#### Task requirements:
In the records below, one line contains "Haert Boutique Wellness". Print that line and every line after it exactly, down to the final one.

#### Supplied information:

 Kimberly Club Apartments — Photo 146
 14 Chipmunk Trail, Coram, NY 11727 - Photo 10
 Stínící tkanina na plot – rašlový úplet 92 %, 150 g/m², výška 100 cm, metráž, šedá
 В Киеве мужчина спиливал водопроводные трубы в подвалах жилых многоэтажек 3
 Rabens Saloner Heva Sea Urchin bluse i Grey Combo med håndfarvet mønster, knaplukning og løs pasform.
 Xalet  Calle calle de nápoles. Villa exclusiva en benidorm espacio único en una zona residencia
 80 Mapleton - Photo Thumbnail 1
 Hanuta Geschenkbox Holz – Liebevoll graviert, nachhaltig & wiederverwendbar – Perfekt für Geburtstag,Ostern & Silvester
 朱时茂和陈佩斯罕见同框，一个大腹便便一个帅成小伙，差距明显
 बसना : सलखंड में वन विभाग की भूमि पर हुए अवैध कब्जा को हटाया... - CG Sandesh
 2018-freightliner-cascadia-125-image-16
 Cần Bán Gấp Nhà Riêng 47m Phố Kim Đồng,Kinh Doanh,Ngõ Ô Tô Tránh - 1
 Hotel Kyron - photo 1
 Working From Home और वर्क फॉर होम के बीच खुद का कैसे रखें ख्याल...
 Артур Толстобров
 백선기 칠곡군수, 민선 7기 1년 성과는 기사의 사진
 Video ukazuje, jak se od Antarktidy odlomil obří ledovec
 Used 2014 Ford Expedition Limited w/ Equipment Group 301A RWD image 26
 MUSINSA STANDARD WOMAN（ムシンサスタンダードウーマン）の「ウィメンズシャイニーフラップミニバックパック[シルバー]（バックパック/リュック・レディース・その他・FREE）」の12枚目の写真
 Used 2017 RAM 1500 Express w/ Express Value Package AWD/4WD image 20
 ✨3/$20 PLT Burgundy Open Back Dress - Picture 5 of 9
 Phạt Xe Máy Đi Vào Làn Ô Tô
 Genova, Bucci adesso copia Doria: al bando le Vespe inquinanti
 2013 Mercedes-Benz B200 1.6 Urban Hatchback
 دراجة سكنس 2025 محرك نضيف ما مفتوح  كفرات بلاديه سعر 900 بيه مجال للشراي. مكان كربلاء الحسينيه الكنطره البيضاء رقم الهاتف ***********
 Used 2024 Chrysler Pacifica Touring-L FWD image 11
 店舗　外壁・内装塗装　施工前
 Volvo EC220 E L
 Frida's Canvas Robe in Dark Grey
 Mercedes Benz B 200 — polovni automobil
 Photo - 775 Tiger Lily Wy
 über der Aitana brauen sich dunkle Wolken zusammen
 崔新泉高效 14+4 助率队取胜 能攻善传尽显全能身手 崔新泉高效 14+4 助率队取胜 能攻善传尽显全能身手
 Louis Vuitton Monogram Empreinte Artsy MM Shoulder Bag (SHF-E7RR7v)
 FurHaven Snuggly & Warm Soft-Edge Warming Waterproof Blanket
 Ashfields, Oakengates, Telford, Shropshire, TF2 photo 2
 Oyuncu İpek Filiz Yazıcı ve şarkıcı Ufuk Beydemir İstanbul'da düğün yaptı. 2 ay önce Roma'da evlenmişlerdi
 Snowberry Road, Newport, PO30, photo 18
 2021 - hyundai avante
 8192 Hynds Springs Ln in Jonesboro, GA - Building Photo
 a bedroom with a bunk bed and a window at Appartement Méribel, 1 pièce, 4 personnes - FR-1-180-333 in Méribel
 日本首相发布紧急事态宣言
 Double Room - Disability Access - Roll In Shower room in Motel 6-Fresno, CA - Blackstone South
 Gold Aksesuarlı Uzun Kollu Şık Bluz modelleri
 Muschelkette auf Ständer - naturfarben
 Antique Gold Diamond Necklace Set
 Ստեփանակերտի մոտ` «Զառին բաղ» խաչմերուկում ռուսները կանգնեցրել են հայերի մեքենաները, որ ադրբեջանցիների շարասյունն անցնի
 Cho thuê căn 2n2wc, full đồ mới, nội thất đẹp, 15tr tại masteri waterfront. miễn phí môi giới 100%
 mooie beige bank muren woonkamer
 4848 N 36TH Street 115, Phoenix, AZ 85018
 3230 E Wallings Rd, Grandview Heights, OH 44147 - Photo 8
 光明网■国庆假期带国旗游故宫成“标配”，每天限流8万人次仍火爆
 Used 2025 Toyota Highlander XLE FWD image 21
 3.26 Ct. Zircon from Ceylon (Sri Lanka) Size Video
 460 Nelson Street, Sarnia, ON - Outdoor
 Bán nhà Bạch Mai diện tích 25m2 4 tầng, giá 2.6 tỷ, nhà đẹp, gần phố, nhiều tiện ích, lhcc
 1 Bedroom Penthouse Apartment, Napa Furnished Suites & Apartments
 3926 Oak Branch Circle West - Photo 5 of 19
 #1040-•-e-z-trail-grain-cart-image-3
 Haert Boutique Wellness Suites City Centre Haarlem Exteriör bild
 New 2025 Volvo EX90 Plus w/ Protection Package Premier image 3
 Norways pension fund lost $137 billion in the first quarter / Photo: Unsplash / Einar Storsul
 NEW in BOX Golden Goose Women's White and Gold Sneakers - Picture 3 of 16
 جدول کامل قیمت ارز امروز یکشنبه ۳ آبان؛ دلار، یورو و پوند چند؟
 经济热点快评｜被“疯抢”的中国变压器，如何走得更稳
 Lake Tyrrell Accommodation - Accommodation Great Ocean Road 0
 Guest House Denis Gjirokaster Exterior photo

#### Completed task:
 Haert Boutique Wellness Suites City Centre Haarlem Exteriör bild
 New 2025 Volvo EX90 Plus w/ Protection Package Premier image 3
 Norways pension fund lost $137 billion in the first quarter / Photo: Unsplash / Einar Storsul
 NEW in BOX Golden Goose Women's White and Gold Sneakers - Picture 3 of 16
 جدول کامل قیمت ارز امروز یکشنبه ۳ آبان؛ دلار، یورو و پوند چند؟
 经济热点快评｜被“疯抢”的中国变压器，如何走得更稳
 Lake Tyrrell Accommodation - Accommodation Great Ocean Road 0
 Guest House Denis Gjirokaster Exterior photo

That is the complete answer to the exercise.